Les fonctionnalistes (ou structuralistes) existent ou du moins ont existé, s'avouant tels. Les intentionnalistes, nenni ! C'est un mot forgé (ou plus exactement importé dans ce champ) par un fonctionnaliste anglais, Timothy Mason, au début des années 80. En faire une réalité, c'est tout à fait comme si, depuis une certaine campagne électorale, on n'appelait plus que "racaille" les jeunes des banlieues françaises pauvres.
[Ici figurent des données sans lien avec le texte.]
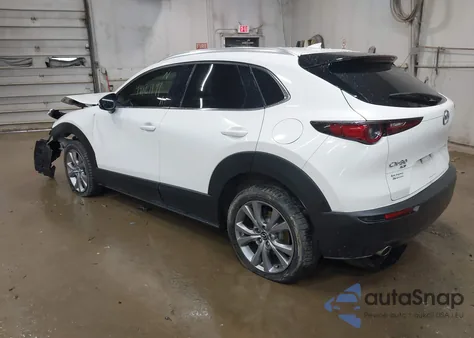 2020 Mazda Cx-30 Premium Package from USA, damaged, VIN 3MVDMBEM5LM104464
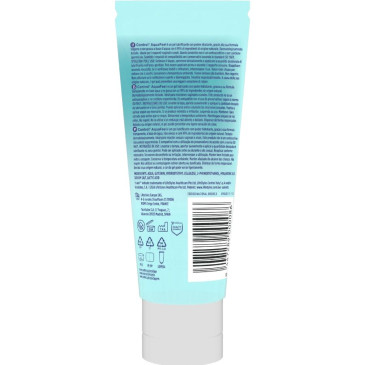 CONTROL - AQUAFEEL LUBRICANT WITH HYALURONIC ACID 80 ML | CONTROL LUBES | Intiimituotteet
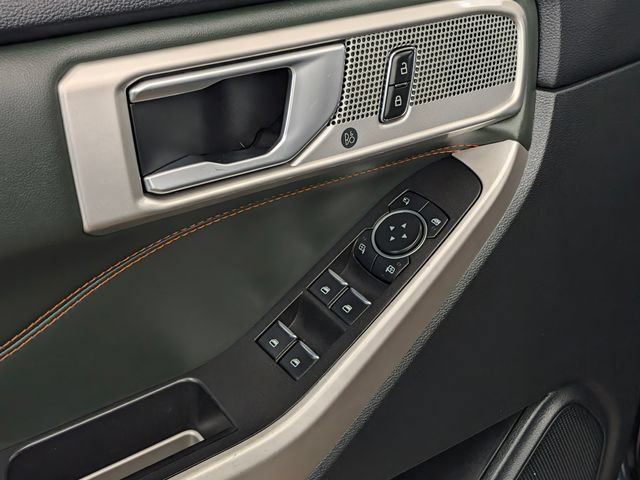 Certified 2023 Ford Explorer Timberline w/ Timberline Technology Package AWD/4WD image 13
"Dépasser le clivage" ou ce qu'on a décrit comme tel, je veux bien mais à condition qu'on prenne bien conscience de l'erreur radicale du fonctionnalisme et qu'on en tire les leçons. Cette école, attentive aux causes immédiates et locales, a, heureusement, trouvé du neuf dans ce domaine et du vrai. Tout n'est donc pas à jeter. Mais il urge de prendre conscience que le nazisme est une dictature, et pas des plus bêtes (comme le sont souvent celles de type stalinien). Si le chef semble se désintéresser d'une question, c'est qu'elle est subalterne -et alors il sait très bien déléguer. Ou bien, et tout particulièrement si des Juifs sont concernés, c'est qu'il s'y intéresse, sans s'être fait remarquer jusqu'à nos jours, et alors, historien, en chasse !
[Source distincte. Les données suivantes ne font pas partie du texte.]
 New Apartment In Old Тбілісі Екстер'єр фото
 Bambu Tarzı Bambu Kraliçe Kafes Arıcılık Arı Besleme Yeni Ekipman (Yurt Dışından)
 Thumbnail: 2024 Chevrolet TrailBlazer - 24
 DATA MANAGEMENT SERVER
Kershaw ne m'a jamais séduit avec sa formule passe-partout "travailler en direction du Führer", qui brouille plus qu'elle n'éclaire. Puisque la question centrale est : il est sur le coup, le Führer, ou il délègue ?
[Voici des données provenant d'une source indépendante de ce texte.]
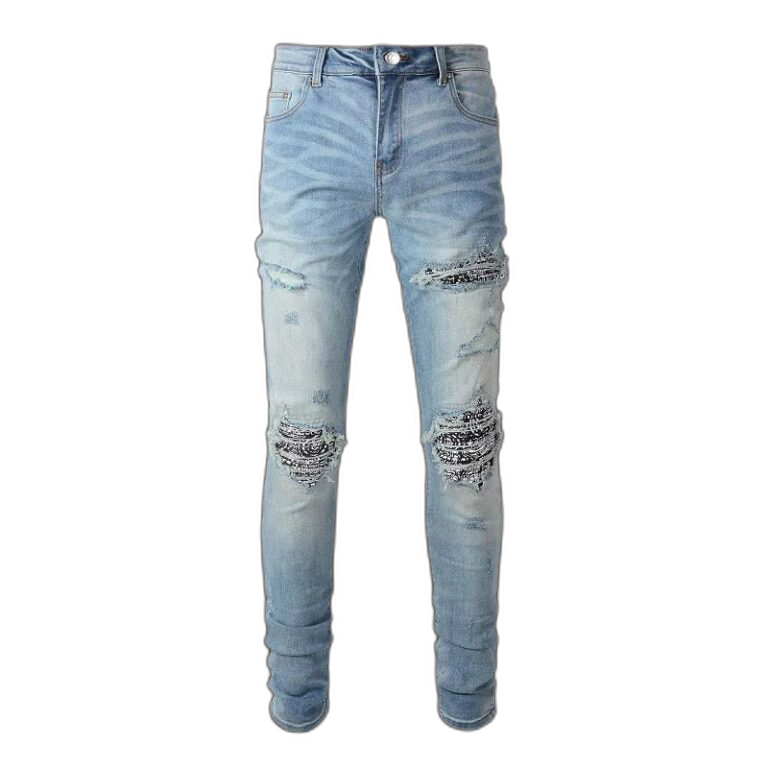 Jeans Amiri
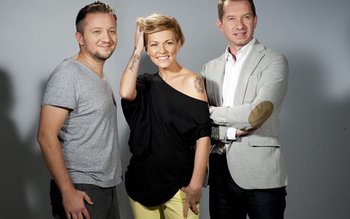 Membrii trupei Hi-Q şi-au spus …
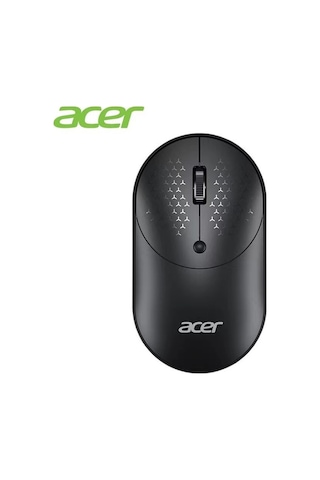 Acer Omr080 2.4 GHz & Bluetooth Kablosuz Mouse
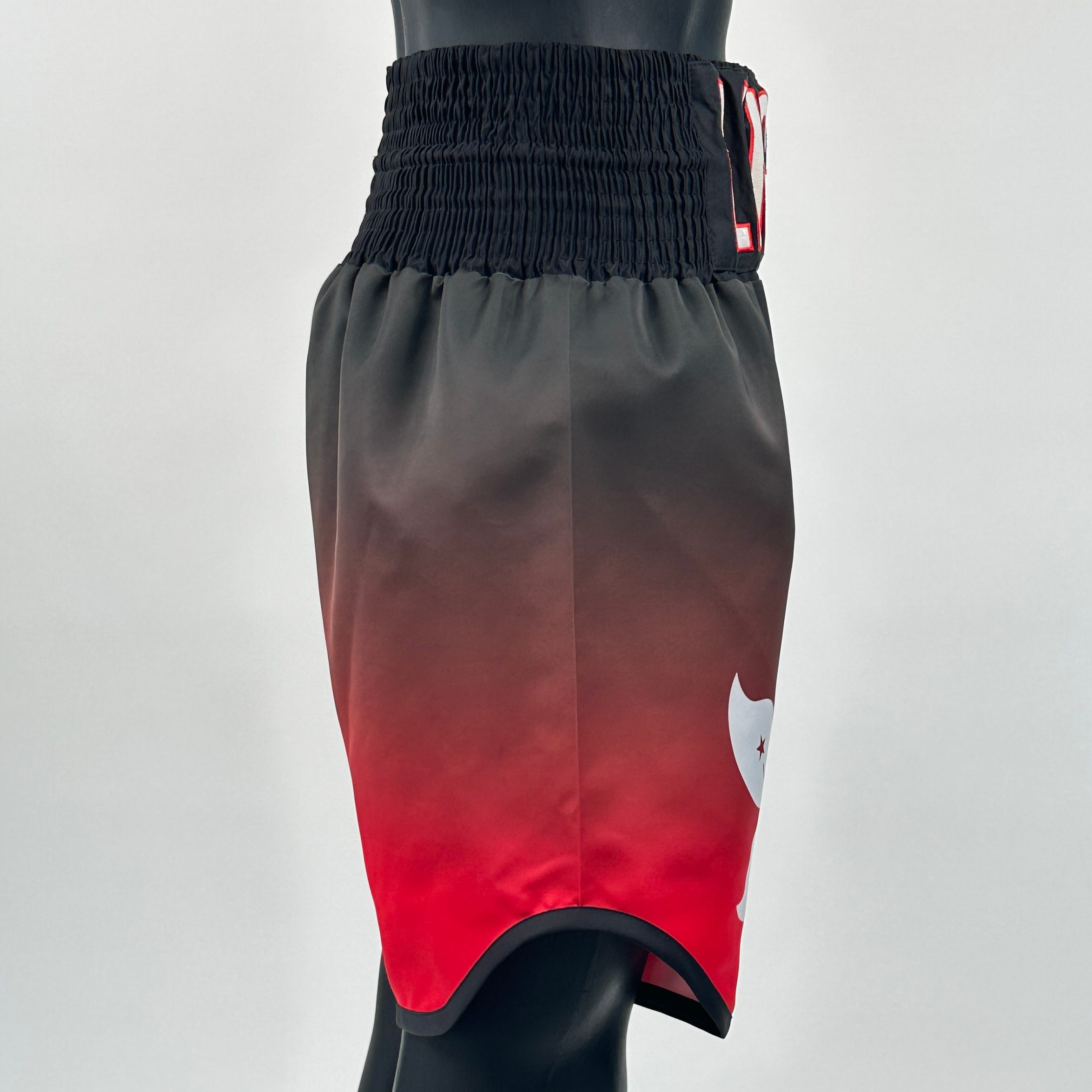 Classic BX Old Louie Custom Boxing Shorts & Trunks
Pour en revenir à Mandel, je ne crois pas une seconde que cet artisan juif du traité de Versailles puisse mourir de mort violente sur un territoire contrôlé par Hitler, et de la main de gens qui lui sont tout dévoués, sans qu'il en ait décidé. La meilleure comparaison me paraît être l'incendie du Reichstag (auto-inflammable ou peu s'en faut pour une majorité encore écrasante d' d'historiens professionnels !). Sauf que pour le Reichstag la démonstration reste indirecte (il avait tout loisir d'organiser et d'effacer les traces, il ne réagit pas du tout comme devrait le faire un dictateur réellement surpris par un attentat au coeur de sa capitale, notamment en se rendant sur les lieux avant toute fouille, etc.) tandis que pour Mandel il y a un débat documenté entre diverses autorités allemandes et un télégramme du 28 mai 44 disant que le Führer a tranché. Il est vrai qu'il concerne à la fois Mandel, Blum et Reynaud, tous trois à remettre à Vichy sous haute surveillance (c'est-à-dire milicienne) pour qu'ils soient fusillés en représailles des exécutions d'Alger. Ensuite, la livraison et la mort du seul Mandel sont à interpréter... et on ne voit pas de quoi il pourrait s'agir d'autre que d'un chantage pour faire marcher droit Pétain et Laval : en cas de désobéissance et plus encore de démission, vous signez l'arrêt de mort de Blum, au moins (votre vieux pote à tous les deux, qui plus est, alors que Mandel ne l'était que de Laval, qui seul s'émeut de son sort).